Note that the data did not prove that Muslim areas in Delhi were deliberately over-policed, nor that all Muslim areas in Delhi were relatively over-policed.
CCTV cameras: We also attempted to map the presence of CCTV cameras across the city to identify any patterns in the distribution. However, the data we received from police agencies was inadequate and we could only discern that the distribution of CCTVs was not uniform. We were not able to say whether the uneven distribution would affect a particular group of people more than others.
Recommendations: Such disproportionate impacts would pose serious challenges to the right to equality, and we recommended that the use of FRT by the police in Delhi be halted until the questions of equality and over-policing are examined by the public and public representatives.
Further analysis along these lines would ideally examine policing biases on the basis of caste, class, sex work and homelessness, and understand if FRT would exacerbate these biases.
Working Paper 3: Procurement of FRT for law enforcement in India – Legal and social implications of the private sector’s involvement
This final paper examines how this technology is procured by public law enforcement. The role that the private sector plays in designing and developing FRT for law enforcement agencies has continued to be under examined, despite its significant impacts for society and the rule of law. There are four broad concerns which emanate from the clandestine manner in which private corporations have been involved in the design and procurement processes. These are privacy risk, delegation of state surveillance functions, opaque processes and decision making, and private profiteering steering critical policy.
Privacy risks: A crucial element of the right to privacy guaranteed by the Indian Constitution, is to have informational autonomy. As discussed in Working Paper 1, FRT is dependent on large datasets to train and develop the underlying algorithms. However, are such datasets also using sensitive biometric information (using facial mapping) that is consented to by a data principal? Also, in the absence of a formal data protection law, what protects such data from potential breaches or abusive usage? The implications of involving the private sector to design state surveillance tech (like FRT) are dangerous in undermining individual privacy, and needs to be adequately addressed.
Delegation of state surveillance functions: A second serious risk with the non-transparent role of the private sector is whether state surveillance functions are being delegated in the private sector. Surveillance is an exclusive function of the state, which is also subject to exceptional use. It is an essential act that is non-transferable. However, it is unclear that when private corporations design and develop FRT for law enforcement agencies in different Indian states, is their role ending once this procurement happens, or do they continue to aid in the operationalisation of such tools. The latter would certainly risk delegation of the aforementioned state function. It further risks letting a private entity practically be in control of large scale surveillance apparatuses which is highly anathematic to a democratic society.
Opaque process: The third issue with the involvement of the private sector is that this involvement is completely opaque. Usually, public procurement processes are at least nominally transparent and are heavily scrutinised. In the case of FRT, the entire process is outside public scrutiny. The public is not aware of the procurement conditions, bidders, checks and balances, terms of contracts, safety procedures, and so on. Even crucial information such as accuracy rates and the list of officers authorised to use the technology, is missing.
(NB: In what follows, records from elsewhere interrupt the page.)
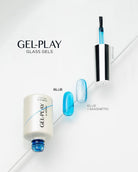 Akzentz Gel-Play Glass Blue bottle and translucent gel on glass palette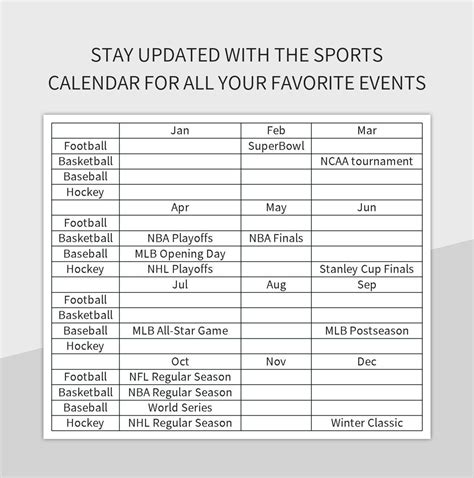 Sports calendar template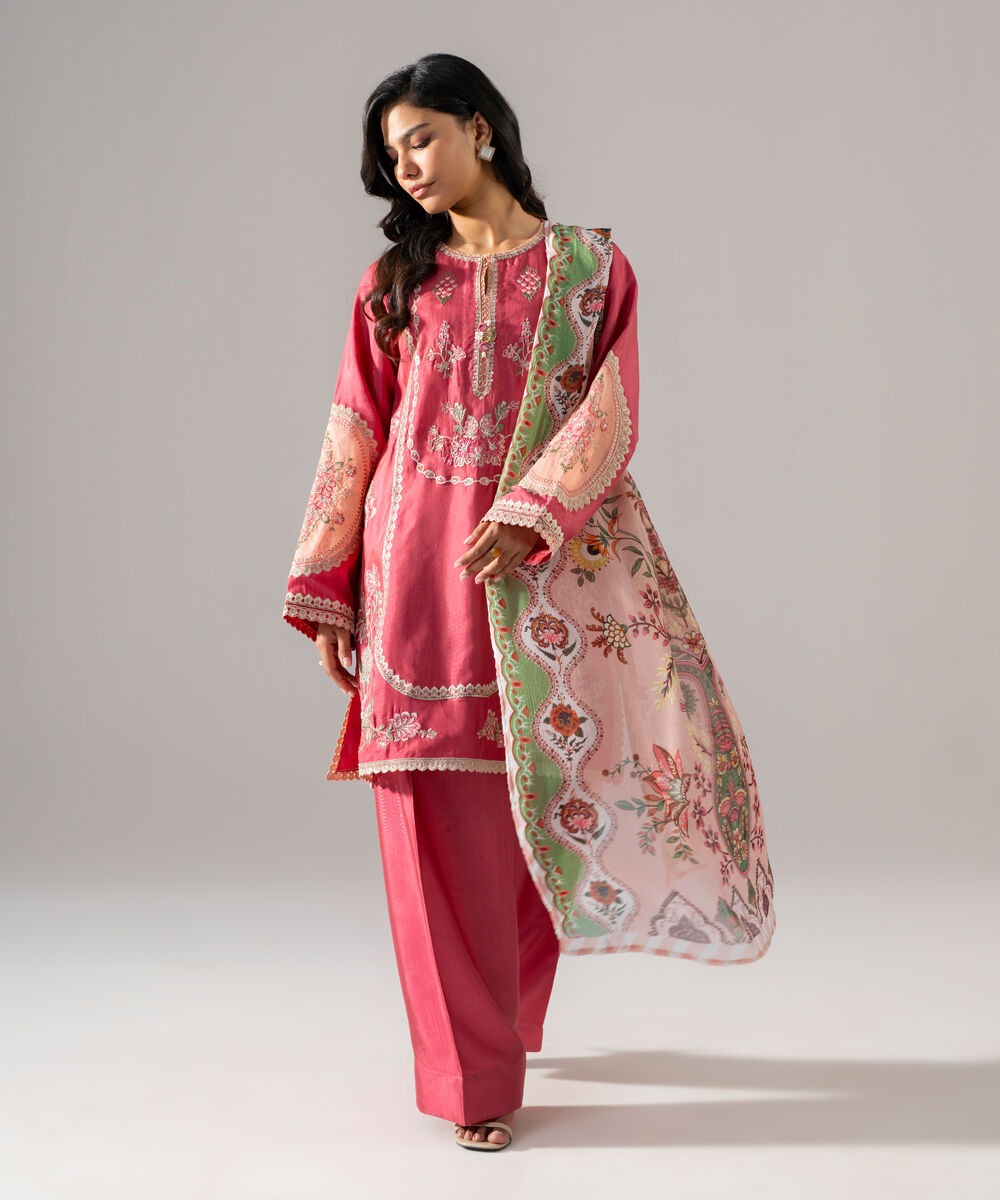 Women's RTW Bright Raw Silk Embroidered Pink 3 Piece Suit
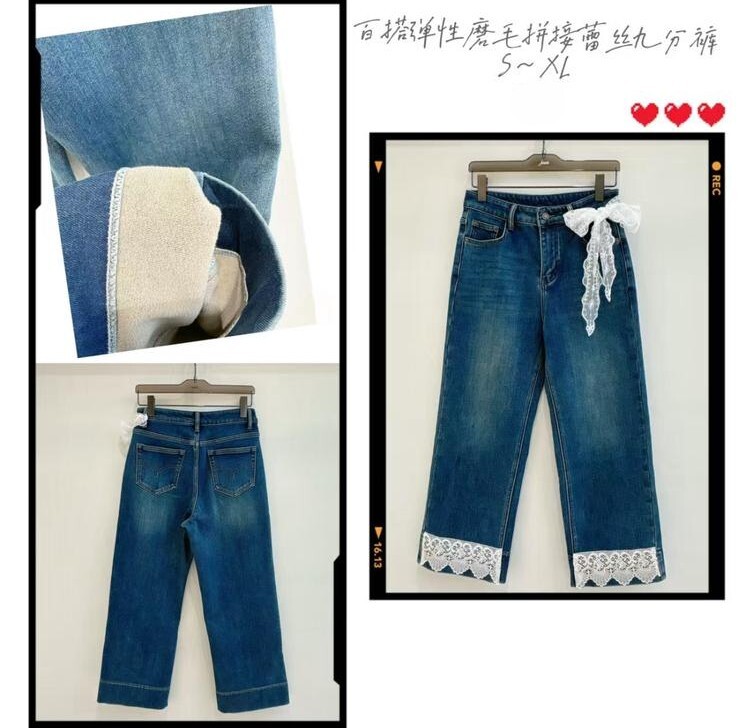 J64 簿毛LACE牛仔褲 送蝴蝶 S:腰26-34 HIP34-38 長35.5   /  M:腰28-36 HIP36-40 長35.5 /   L:腰30-37 HIP38-42 長36  /   XL:腰31-38 HIP40-44 長36 $399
Profiteering motives: The fourth issue is the fact that with private provision of surveillance technology, there is a real risk of private incentives directing public policy. Ideally, any surveillance function of the state should be driven by public priorities and wishes; the involvement of the private sector, particularly under opaque conditions, means that the profit motive can drive surveillance policy. Venture capital funded FRT companies can and do discount the price of this technology and push its use in law enforcement contexts, without any public input or scrutiny.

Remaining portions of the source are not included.